## Problem statement
Print the listing once more, exactly as it stands.
..............................
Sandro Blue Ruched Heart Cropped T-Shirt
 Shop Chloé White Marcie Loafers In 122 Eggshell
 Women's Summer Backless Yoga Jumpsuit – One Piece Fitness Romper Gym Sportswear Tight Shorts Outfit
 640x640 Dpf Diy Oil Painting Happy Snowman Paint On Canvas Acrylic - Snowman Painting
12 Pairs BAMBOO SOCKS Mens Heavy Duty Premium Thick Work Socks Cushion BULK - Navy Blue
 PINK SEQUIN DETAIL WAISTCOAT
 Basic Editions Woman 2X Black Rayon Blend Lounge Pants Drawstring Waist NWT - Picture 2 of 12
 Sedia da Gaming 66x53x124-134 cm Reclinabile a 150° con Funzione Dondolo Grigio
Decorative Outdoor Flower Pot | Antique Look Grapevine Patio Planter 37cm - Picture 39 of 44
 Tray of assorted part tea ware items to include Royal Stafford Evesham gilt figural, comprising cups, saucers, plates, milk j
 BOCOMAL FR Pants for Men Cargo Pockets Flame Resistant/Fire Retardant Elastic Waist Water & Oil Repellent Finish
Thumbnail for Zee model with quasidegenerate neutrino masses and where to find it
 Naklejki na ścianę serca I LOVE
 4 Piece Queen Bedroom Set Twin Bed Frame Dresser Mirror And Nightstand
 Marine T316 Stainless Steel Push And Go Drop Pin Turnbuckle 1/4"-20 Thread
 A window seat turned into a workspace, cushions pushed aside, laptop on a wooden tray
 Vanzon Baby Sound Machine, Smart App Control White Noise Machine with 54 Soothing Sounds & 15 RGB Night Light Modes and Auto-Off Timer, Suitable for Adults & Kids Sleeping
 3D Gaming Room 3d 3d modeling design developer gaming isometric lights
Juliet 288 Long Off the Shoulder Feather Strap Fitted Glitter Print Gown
..............................
## Answer space
Sandro Blue Ruched Heart Cropped T-Shirt
 Shop Chloé White Marcie Loafers In 122 Eggshell
 Women's Summer Backless Yoga Jumpsuit – One Piece Fitness Romper Gym Sportswear Tight Shorts Outfit
 640x640 Dpf Diy Oil Painting Happy Snowman Paint On Canvas Acrylic - Snowman Painting
12 Pairs BAMBOO SOCKS Mens Heavy Duty Premium Thick Work Socks Cushion BULK - Navy Blue
 PINK SEQUIN DETAIL WAISTCOAT
 Basic Editions Woman 2X Black Rayon Blend Lounge Pants Drawstring Waist NWT - Picture 2 of 12
 Sedia da Gaming 66x53x124-134 cm Reclinabile a 150° con Funzione Dondolo Grigio
Decorative Outdoor Flower Pot | Antique Look Grapevine Patio Planter 37cm - Picture 39 of 44
 Tray of assorted part tea ware items to include Royal Stafford Evesham gilt figural, comprising cups, saucers, plates, milk j
 BOCOMAL FR Pants for Men Cargo Pockets Flame Resistant/Fire Retardant Elastic Waist Water & Oil Repellent Finish
Thumbnail for Zee model with quasidegenerate neutrino masses and where to find it
 Naklejki na ścianę serca I LOVE
 4 Piece Queen Bedroom Set Twin Bed Frame Dresser Mirror And Nightstand
 Marine T316 Stainless Steel Push And Go Drop Pin Turnbuckle 1/4"-20 Thread
 A window seat turned into a workspace, cushions pushed aside, laptop on a wooden tray
 Vanzon Baby Sound Machine, Smart App Control White Noise Machine with 54 Soothing Sounds & 15 RGB Night Light Modes and Auto-Off Timer, Suitable for Adults & Kids Sleeping
 3D Gaming Room 3d 3d modeling design developer gaming isometric lights
Juliet 288 Long Off the Shoulder Feather Strap Fitted Glitter Print Gown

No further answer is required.